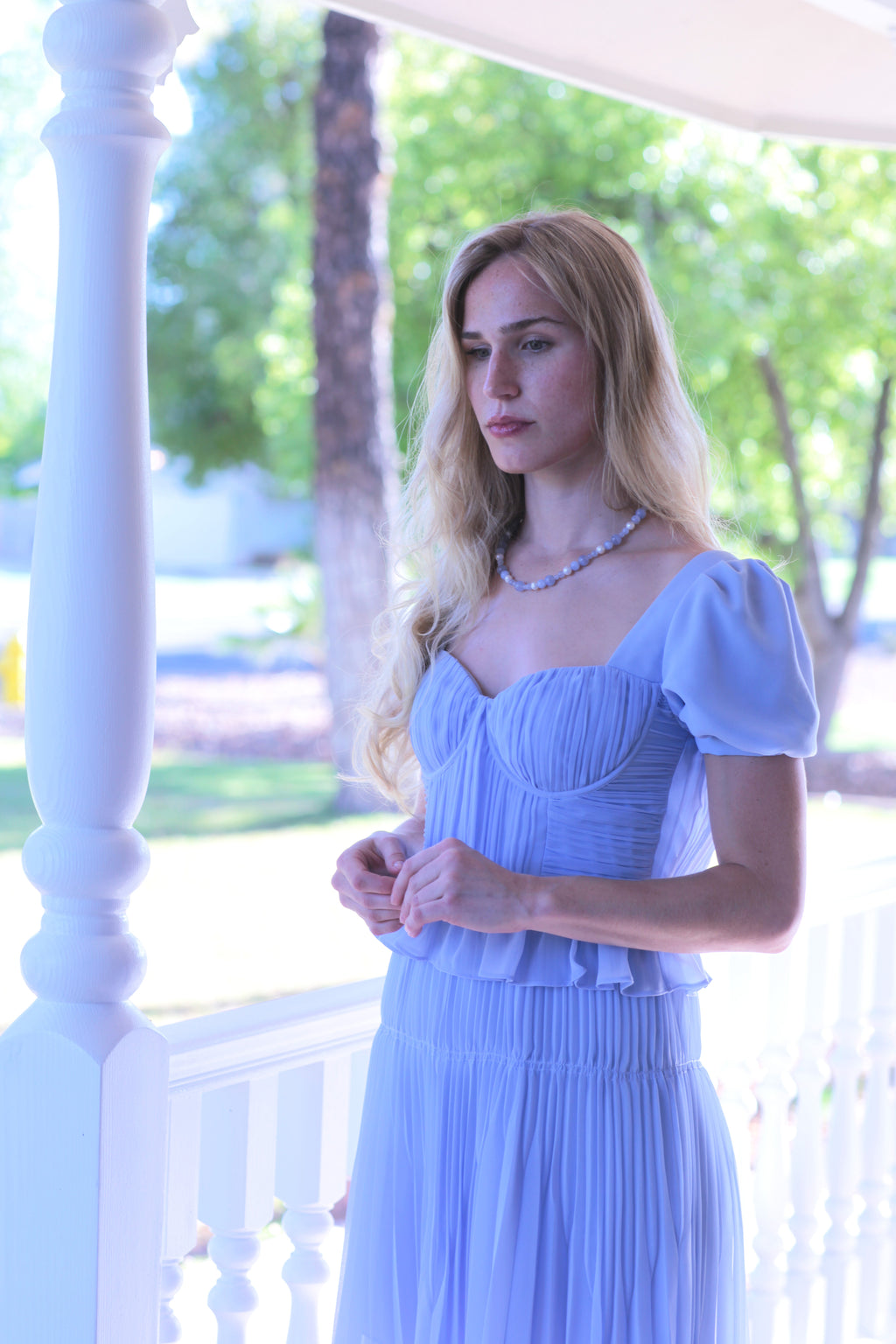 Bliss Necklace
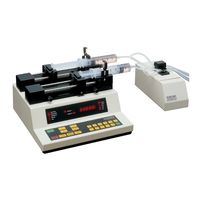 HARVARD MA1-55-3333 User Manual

——————————

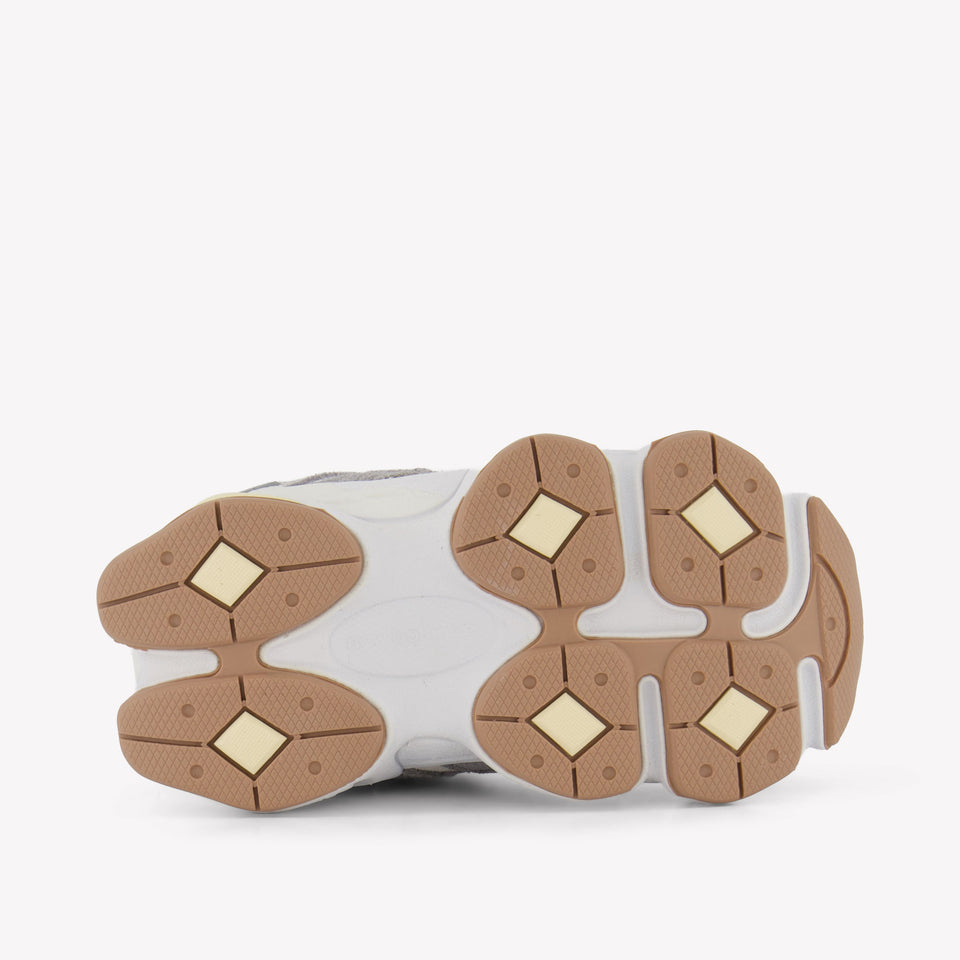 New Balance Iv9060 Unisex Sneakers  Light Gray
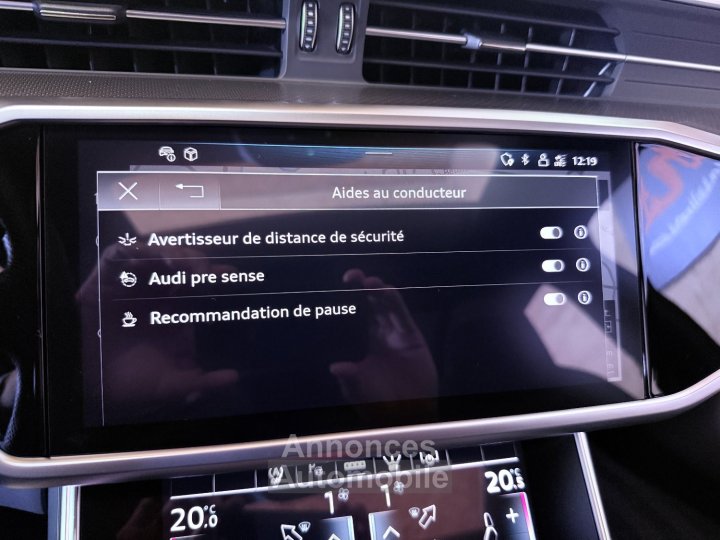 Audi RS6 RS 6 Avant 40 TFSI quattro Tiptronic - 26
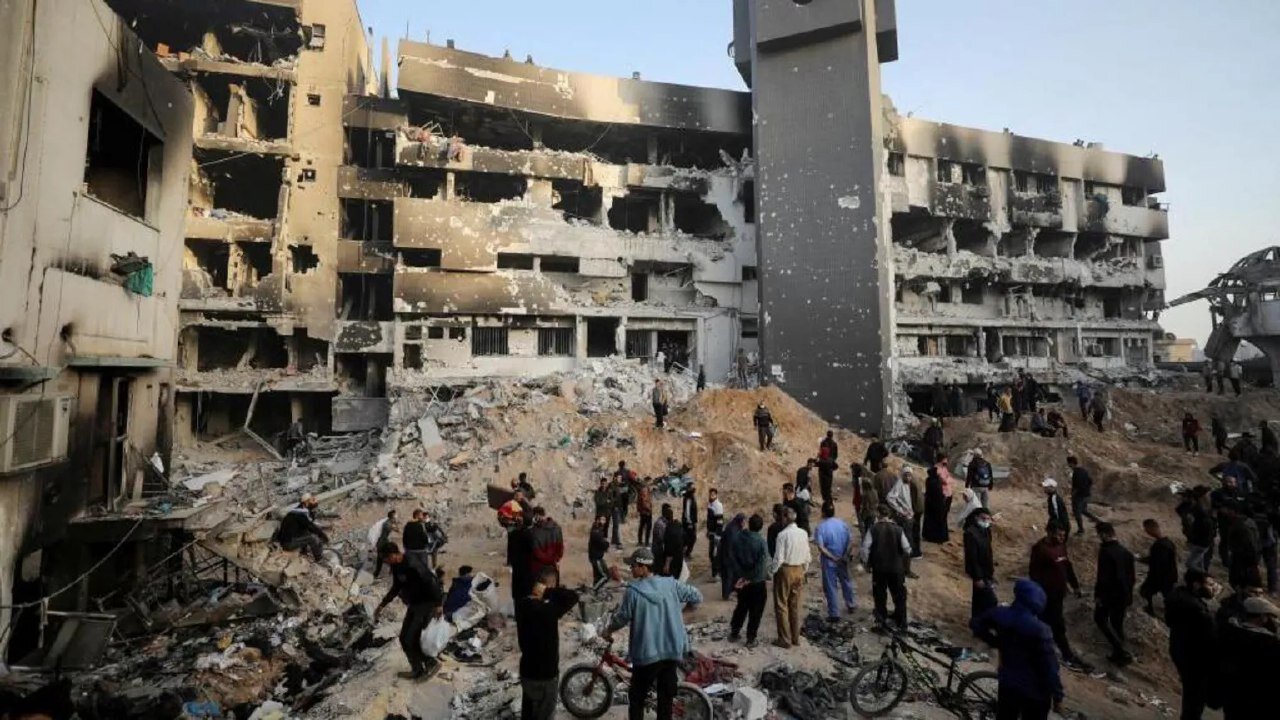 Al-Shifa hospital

——————————

## What this task involves
Output only the lines above from the one containing "New Balance Iv9060" to the one containing "Al-Shifa hospital", both included, exactly as written and with no pictures.

## Answer section
 New Balance Iv9060 Unisex Sneakers  Light Gray
 Audi RS6 RS 6 Avant 40 TFSI quattro Tiptronic - 26
 Al-Shifa hospital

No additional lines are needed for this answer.